I'm trying to find the derivative to: $$\frac{d}{dt}\int^{a(t)}_{b(t)}\int^{c(x,t)}_{d(x,t)}f(x,y)dydx$$ I don't know how to approach this. I was searching for anything similar on StackExchange and this was the closest question I could find: Derivative of double integral with respect to upper limits . I am hesitant to use this because my bounds with respect to y are functions of x and t (as opposed to just t).

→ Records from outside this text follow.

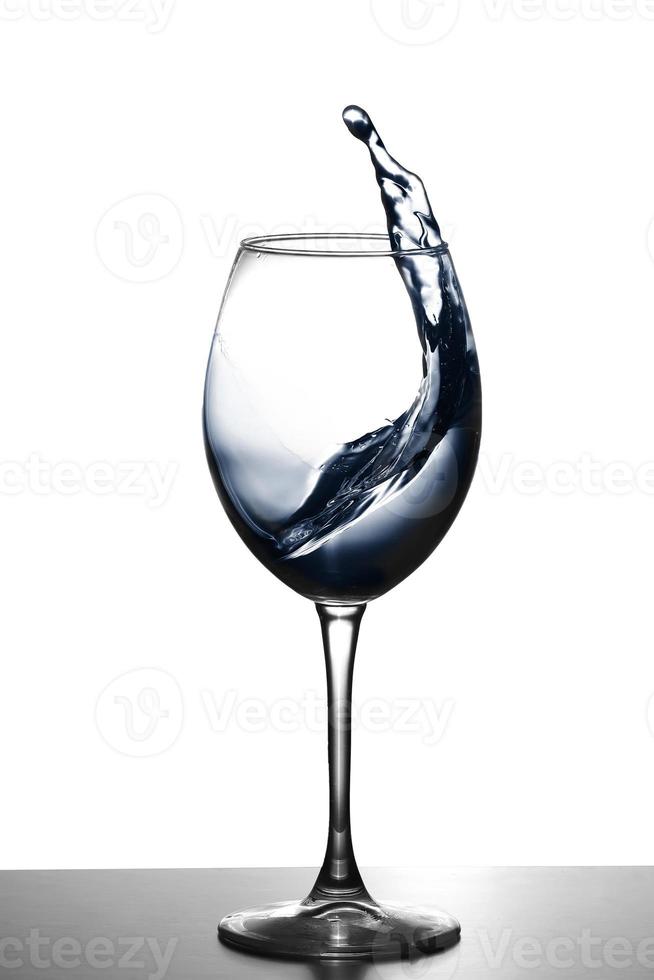 ett stänk av vatten i ett glas vinglas. vattenstänk i glas på glödande bakgrund. transparent vätska som stänker i vinglas. mat, objekt. foto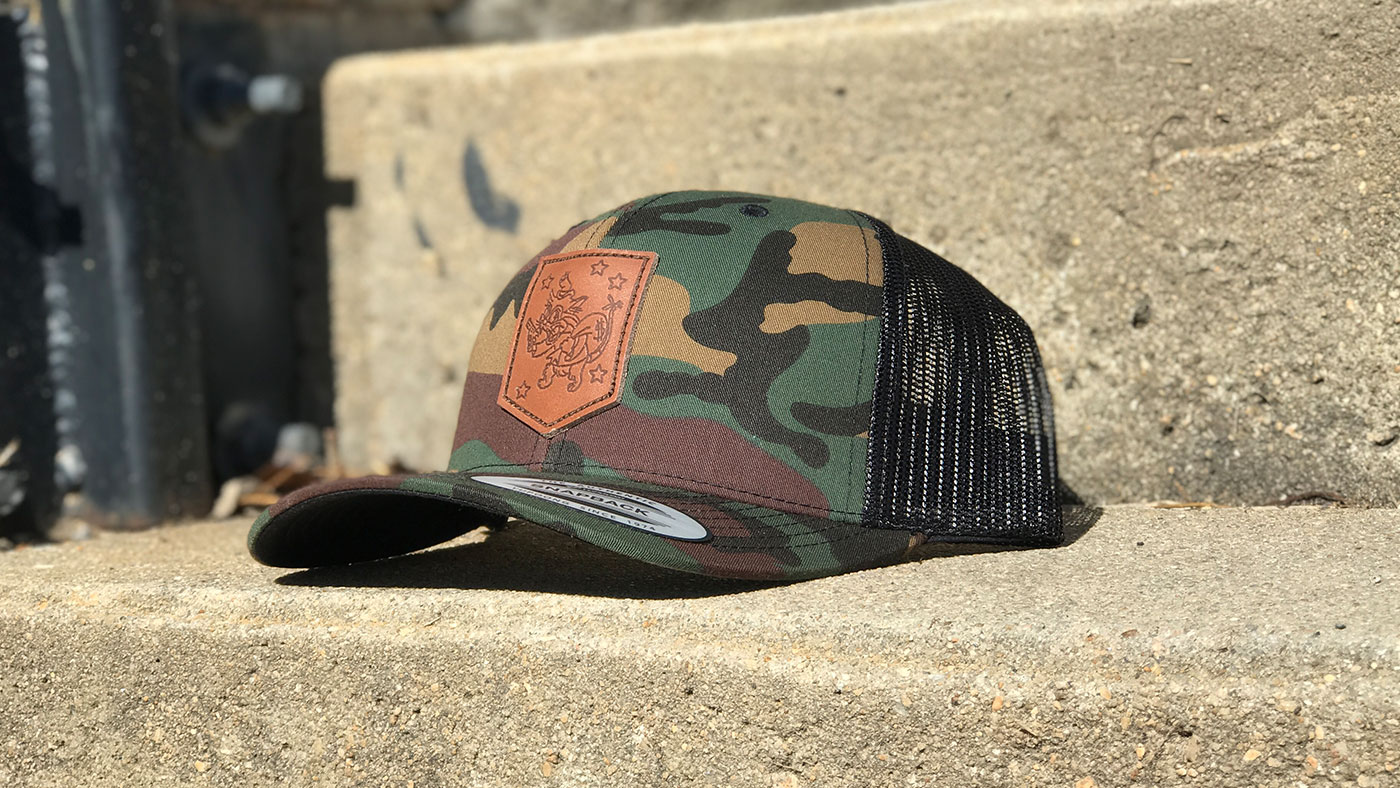 Yupoong 6606 - Camo Leather Patch Hat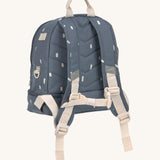 The back of the Lassig kids mini midnight blue happy prints backpack showing the padded shoulder straps and chest strap detail.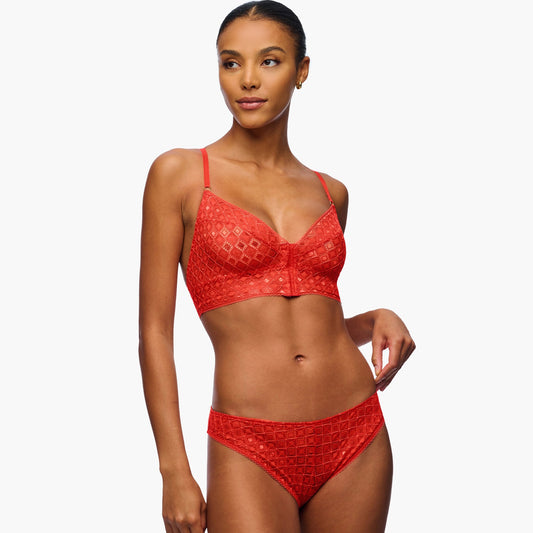 Woman wearing a red bikini set on a white background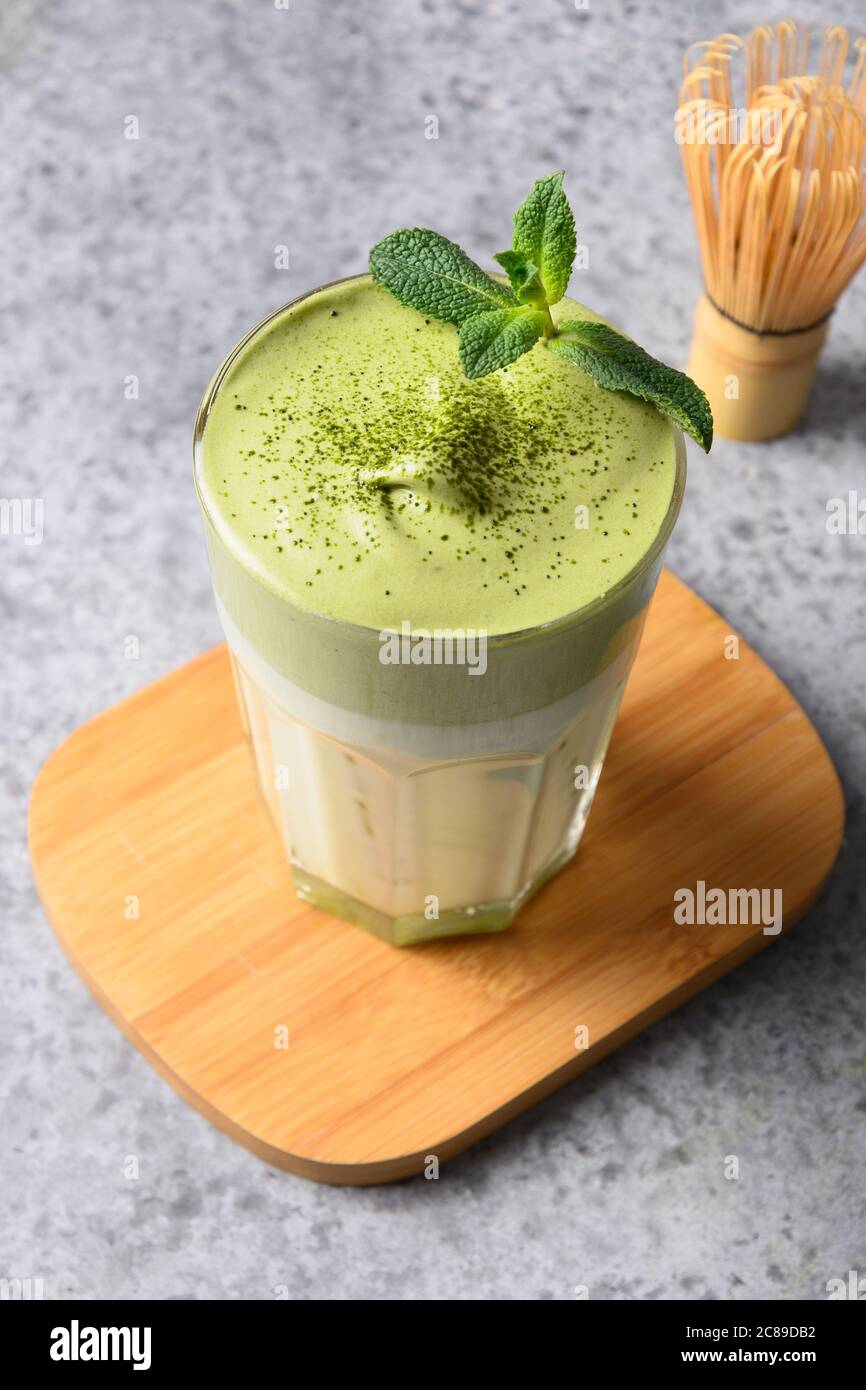 Glas Dalgona Eistee Matcha Tee und Bambus auf grau. Stockfoto
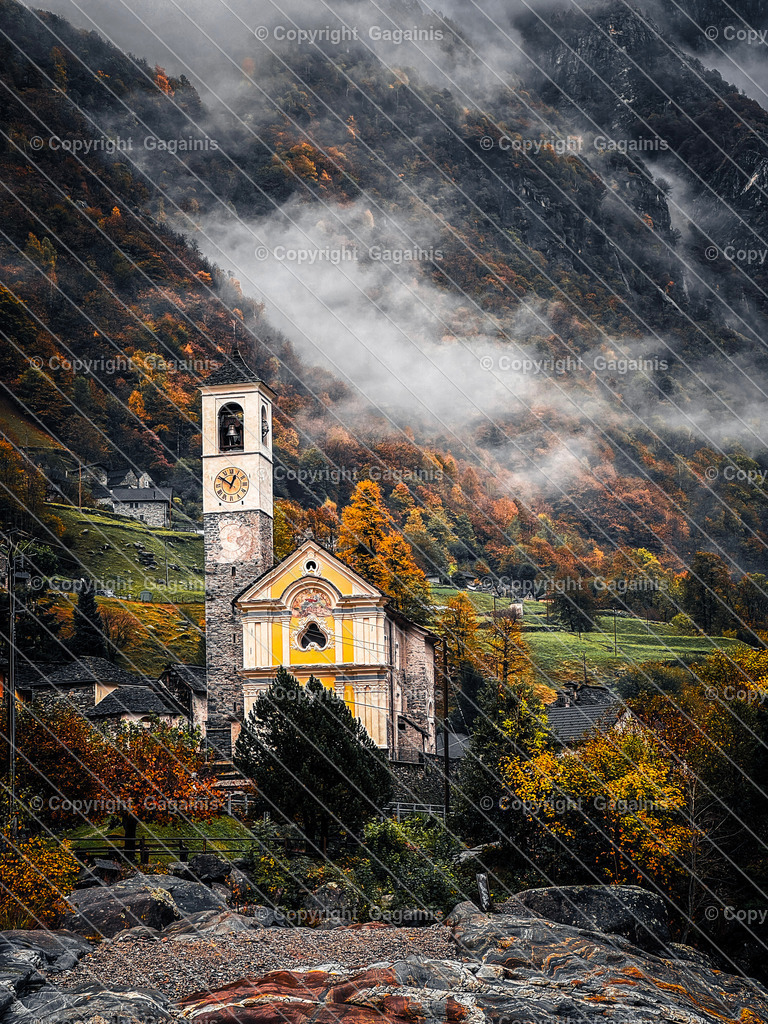 Kirche Herbstlandschaft Schweiz, Tessin Dorf  | Goldene Blätter, malerische Gassen und sanfter Herbstnebel – diese Fotografie bringt die magische Atmosphäre des Tessiner Herbstes in dein Zuhause. Perfekt für gemütliche Wohnräume oder als Geschenk für Naturliebhaber.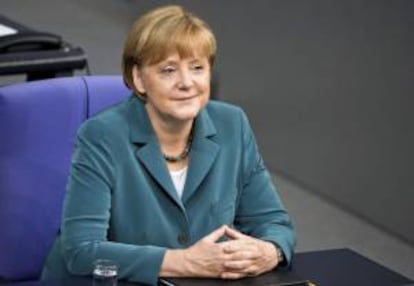 La canciller alemana, Angela Merkel (c), sonríe durante una sesión especial celebrada en el Bundestag, la Cámara Baja del Parlamento, para tratar las recientes inundaciones que afectaron al país, en Berlín (Alemania), hoy, martes 25 de junio de 2013.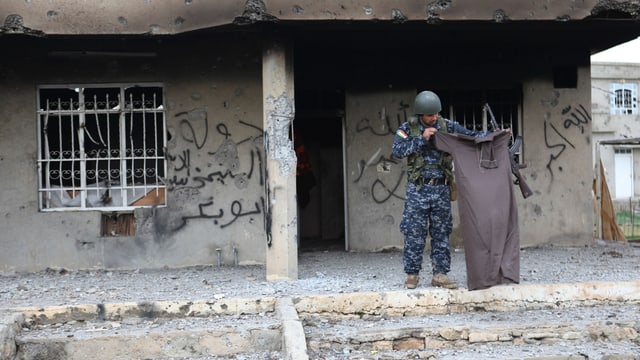 Ein kurdischer Kämpfer mit dem Kleidungsstück eines IS-Kämpfers. Ein kurdischer Kämpfer mit dem Kleidungsstück eines IS-Kämpfers.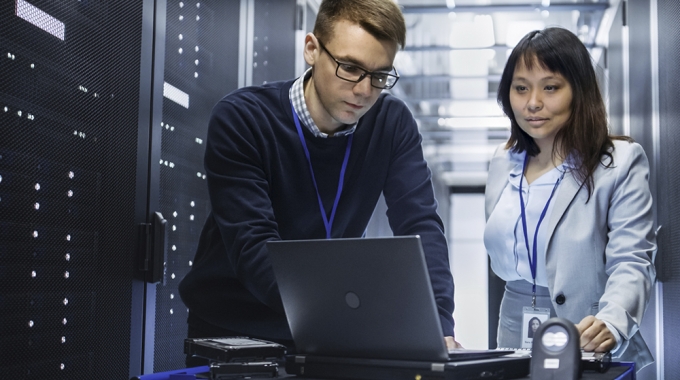 Workers examine a laptop in a server room.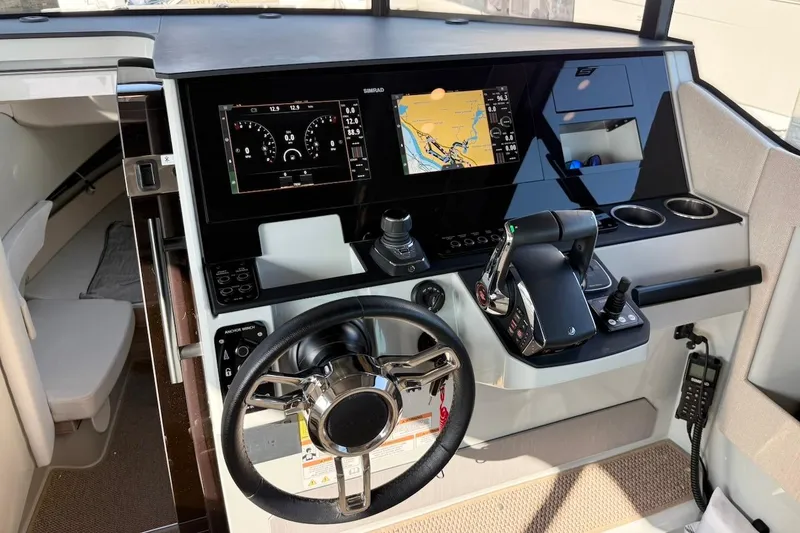 Slide: The Image of 2024 Saxdor 320 GTC helm with advanced navigation displays and controls. - 26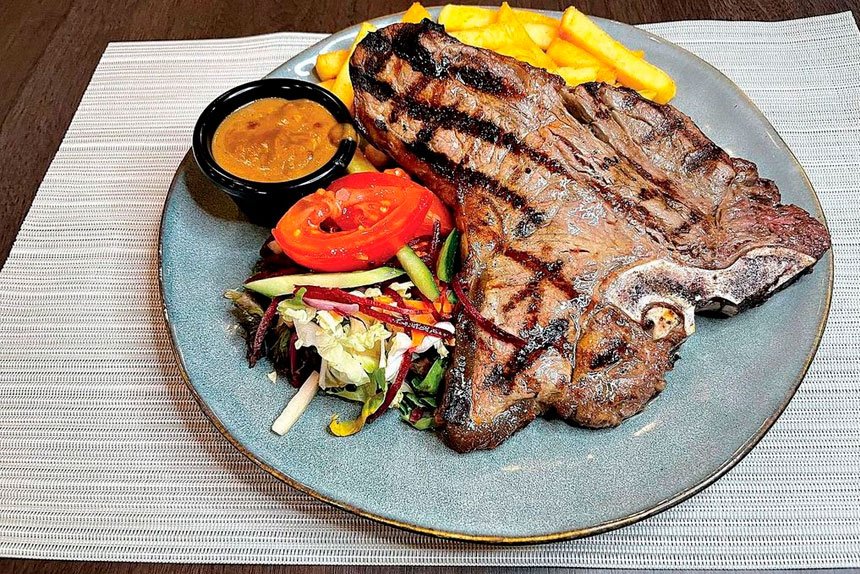 The classic steak and chips is a popular item on the extensive menu.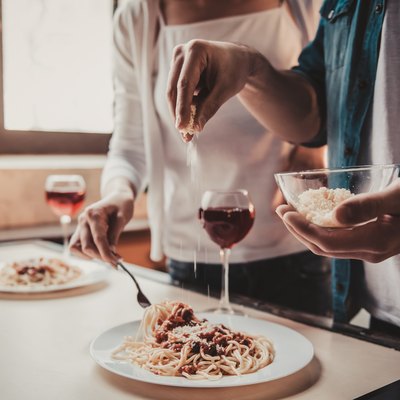 Young couple eating pasta and drinking alcohol, which are some of the foods to avoid with IBS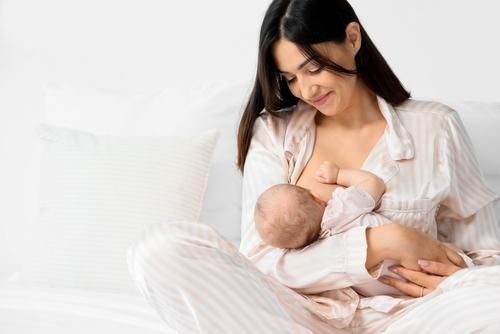 Woman in pajamas breastfeeding baby, smiling. White bedroom setting.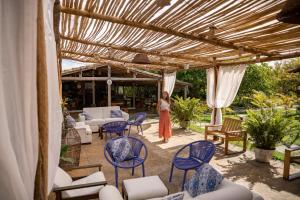 a woman standing under a pergola with chairs and tables at Vila Capininga Ecopousada in Santo Amaro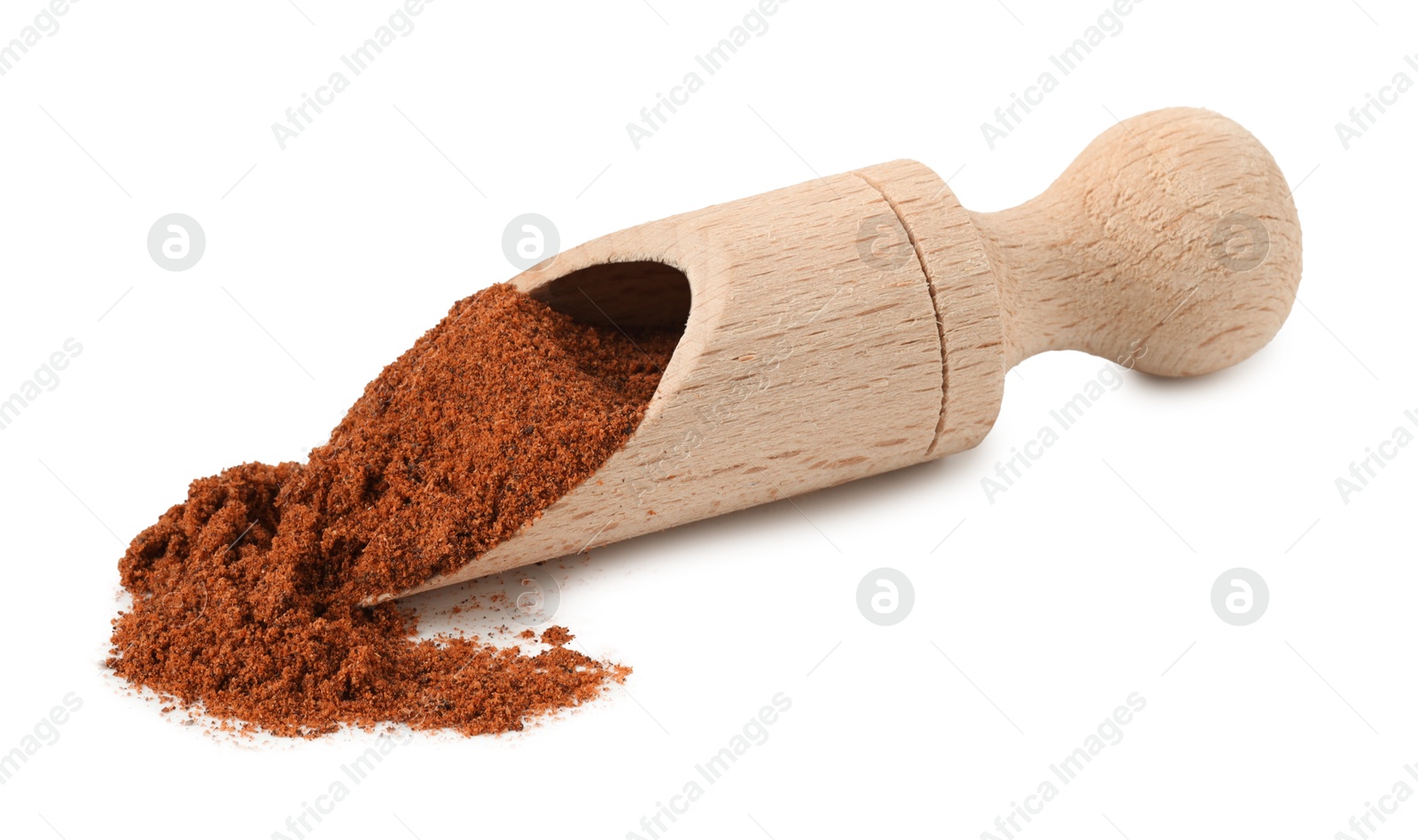 Nutmeg powder in scoop isolated on white Photo of Nutmeg powder in scoop isolated on white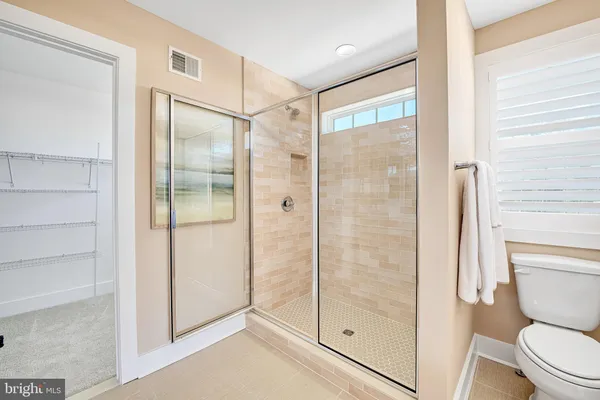 a bathroom with a shower and toilet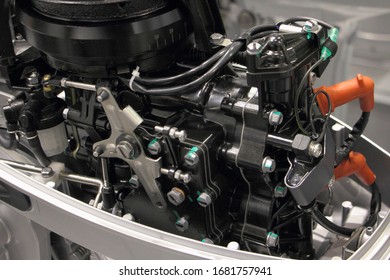Two stroke outboard boat motor without cap cover close up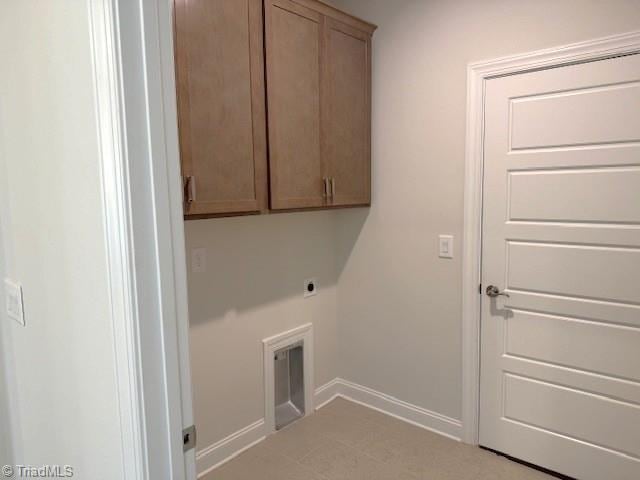 washroom featuring electric dryer hookup, baseboards, and cabinet space
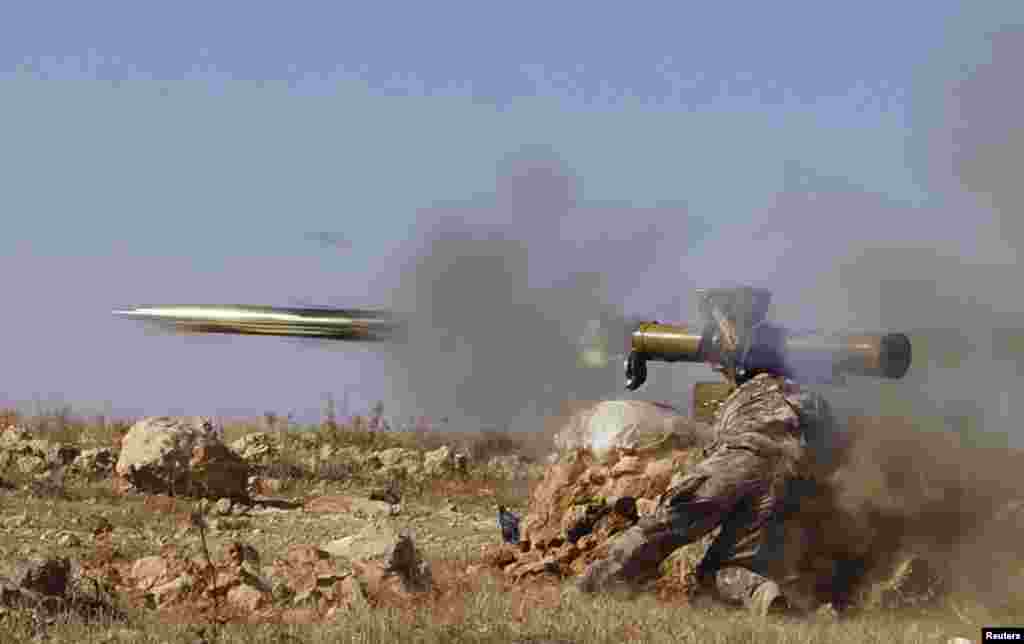 A Free Syrian Army fighter fires an anti-tank missile towards what the FSA said were locations controlled by forces loyal to Syria's President Bashar al-Assad in the eastern Hama countryside, Oct. 17, 2013.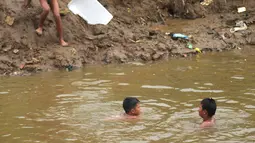Sejumlah anak berenang di aliran Kali Ciliwung, Kampung Pulo, Jakarta, Jumat (2/12/2022).Minimnya lahan bermain menyebabkan anak-anak tersebut bermain tidak pada tempatnya, meskipun dapat membahayakan keselamatan. (merdeka.com/Imam Buhori)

For context, I am trying to solve for the time derivative of magnetic flux in a circular loop to get emf/voltage ($\frac{d}{dt}\iint B(\sqrt{x^2+(h-y)^2})dxdy$). The field is centered at $(0,h)$. The exact function is: $$\varepsilon = \frac{d}{dt}\int^{a(t)+R}_{a(t)-R}\int^{\sqrt{R^2-(x-a(t))^2}+b(t)}_{-\sqrt{R^2-(x-a(t))^2}+b(t)}\frac{1}{1+ce^{-d\sqrt{x^2+(h-y)^2}}}dydx$$ $$a(t)=-hcos(\omega t); b(t)=hsin(\omega t)$$ $a(t)$ and $b(t)$ are the coordinates of the center of the circle. The setup is a disk magnet centered at $(0,h)$ whose B field (only the outward/normal component to its surface) is roughly defined by $B(r)$, where r is the distance between a point and the center of the magnet. A coil of wire is revolving around the origin with angular velocity $\omega$. I have excluded N, the number of loops, and another constant.
I ideally want the derivative as a function. Though, at the very least, I need the extrema.
We could derive a complicated looking expression for the derivative, but that would hardly serve your needs for this problem. Why would you want to do this integral in Cartesian coordinates in the first place?
Go to "polar" coordinates centered at $(a(t),b(t))$:
$$x = r\cos\theta + a(t)$$
$$y = r\sin\theta + b(t)$$
which makes the integral
$$\Phi(t) = \int_0^{2\pi} \int_0^R \frac{r}{1+ce^{-d\sqrt{r^2-2rh(\cos\omega t\cos\theta-\sin\omega t\sin\theta)+h^2}}}\:dr\:d\theta$$
$$= \int_0^{2\pi} \int_0^R \frac{r}{1+ce^{-d\sqrt{r^2-2rh\cos(\theta+\omega t)+h^2}}}\:dr\:d\theta$$
$$= \int_{\omega t}^{2\pi+ \omega t} \int_0^R \frac{r}{1+ce^{-d\sqrt{r^2-2rh\cos\theta+h^2}}}\:dr\:d\theta$$
then use the fundamental theorem of calculus to get your emf:
$$\epsilon = \int_0^R \frac{\omega r}{1+ce^{-d\sqrt{r^2-2rh\cos(2\pi+\omega t)+h^2}}}\:dr - \int_0^R \frac{\omega r}{1+ce^{-d\sqrt{r^2-2rh\cos(\omega t)+h^2}}}\:dr = 0 $$
which shouldn't surprise you. Intuitively from looking at the problem, if I have a loop orbiting in an azimuthally symmetric magnetic field, the flux won't change $-$ it would have only changed if the loop had some radially inward/outward motion. This reasoning was probably the intended solution for a physics class, not the integral way.